Composition by Miles Davis

from the album Milestones
- Released: September 2, 1958
- Recorded: February 4, 1958
- Genre: Modal jazz
- Length: 5:45
- Label: Columbia
- Composer: Miles Davis
- Producer: George Avakian

= Milestones (instrumental composition) =

"Milestones" is a jazz composition written by Miles Davis. It appears on the album of the same name in 1958. It has since become a jazz standard. "Milestones" is the first example of Miles composing in a modal style and experimentation in this piece led to the writing of "So What" from the 1959 album Kind of Blue. The song's modes consist of G Dorian for 16 bars, A Aeolian for another 16 bars, and then back to G Dorian for the last eight bars, then the progression repeats.

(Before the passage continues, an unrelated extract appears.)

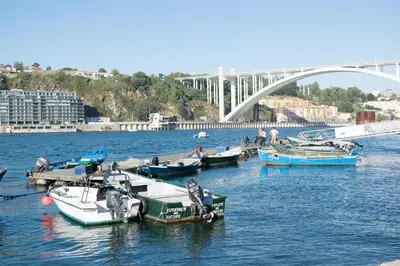 a group of boats docked in a river with a bridge at Merc Porto Santa Catarina in Porto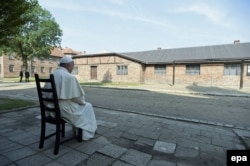 Погруженный в размышления Франциск перед бараками лагеря смерти Освенцим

Originally titled "Miles" on the initial album pressings, people soon began referring to the piece as "Milestones" rather than "Miles". On later editions of the album the title was changed.

The musicians who performed on "Milestones" are:
- Miles Davis – trumpet
- Cannonball Adderley – alto saxophone
- John Coltrane – tenor saxophone
- Red Garland – piano
- Paul Chambers – double bass
- Philly Joe Jones – drums

Only Adderley, Davis, and Coltrane solo.

==1947 song==
"Milestones" is also the title of another composition credited to Miles Davis that John Lewis had written for him while playing with Charlie Parker. It is not musically related to the more famous tune.